Monsieur Laederich, quels défis doivent surmonter les Roms requérant·e·s d’asile en Suisse?

Tout d’abord, il est important d’expliquer de quel·le·s Roms nous parlons. La discussion actuelle généralisante sur les «Roms difficiles» en Suisse se réfère à un groupe spécifique: les Roms de Transcarpatie, une région dans l’ouest de l’Ukraine, de la taille du canton de Zurich.

L’histoire et les conditions de vie des Roms de Transcarpatie sont atypiques pour l’Ukraine à de nombreux points de vue. Tandis que de nombreux·euses Roms sont intégré·e·s dans la société majoritaire ukrainienne et ne sont pas identifiables en tant que tel·le·s, ni en Ukraine, ni en Suisse, les Roms de Transcarpatie sont largement marginalisé·e·s. Depuis le 18e siècle, ils/elles n’ont pas le droit de s’installer dans des villages et vivent depuis lors dans des camps.

L'un des plus grands défis en Suisse est l'adaptation au monde moderne.

Stéphane Laederich Directeur de la Fondation Rroma

L’utilisation du romani leur a également été interdite à l’époque, de sorte qu’ils/elles parlent essentiellement hongrois aujourd’hui.
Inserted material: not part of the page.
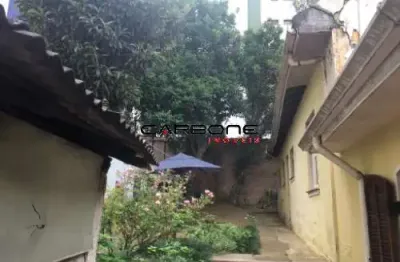 Terreno à venda na rua sebastião barbosa, vila regente feijó, são paulo por r$ 2.140.000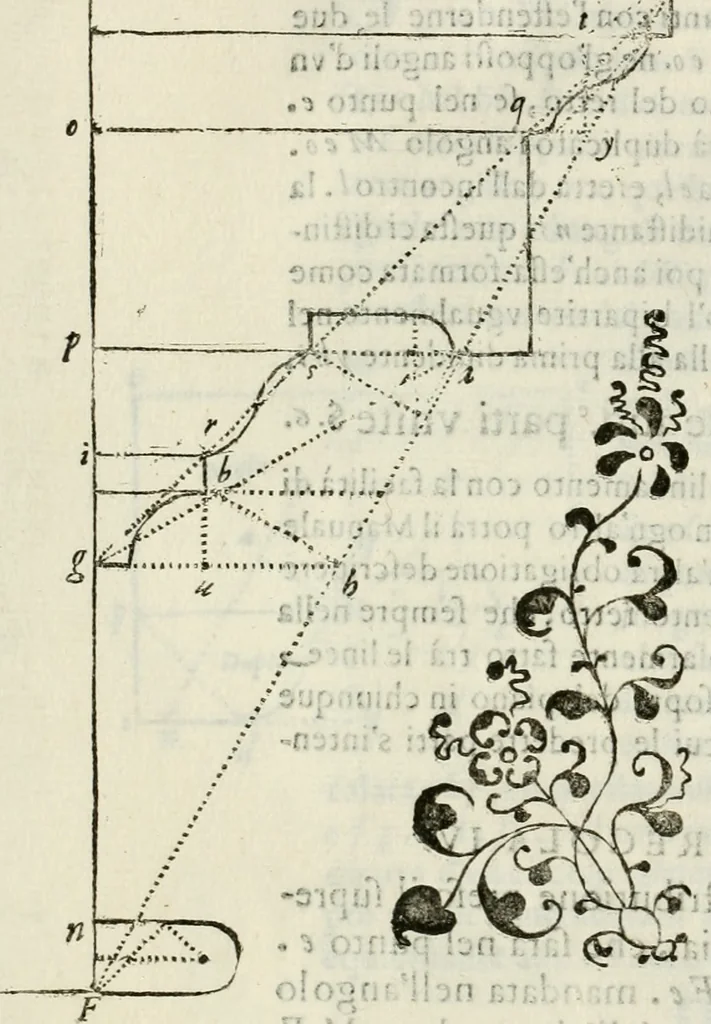 An illustration from Architettura ciuile demostratiuamente proportionata et accresciuta di nuoue regole : con l'vso delle quali si facilita l'inuentione d'ogni douuta proportione nelli cinque ordini, e col ritrouamento d'vn nuouo strumento angolare, si da il modo à gl'operarij medesimi di pratticamente stabilire le sacome in ogni loro necessario contorno, 1661, leaf 387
Avec l’effondrement de l’Union soviétique, les Roms ont également perdu leur travail dans les kolkhozes et les usines. Le chômage qui en a résulté a accentué leur précarité sociale. Beaucoup n’ont pas pu aller à l’école et n’ont appris ni l’ukrainien ni le russe, ce qui représente une défaillance de l’État.

Leurs conditions de vie sont extrêmement rudimentaires jusqu’à aujourd’hui, sans chauffage, eau courante ni installations sanitaires modernes. Leur situation correspond plus au 19e qu’au 21e siècle. L’un des grands défis en Suisse est donc cette transition ver l’univers moderne sans période d’adaptation, comme par exemple habiter dans un appartement en location, écrire des courriers ou intégrer dans le système scolaire les enfants qui ne sont jamais allé·e·s à l’école. C’est tout sauf simple. Toutefois, il ne s’agit pas d’un problème des Roms, mais plutôt d’un problème social. Ce sont certes des Roms, mais le nombre élevé d’enfants ou la pauvreté ne sont pas des caractéristiques des Roms, plutôt le résultat d’un échec de l’assimilation et de la répression.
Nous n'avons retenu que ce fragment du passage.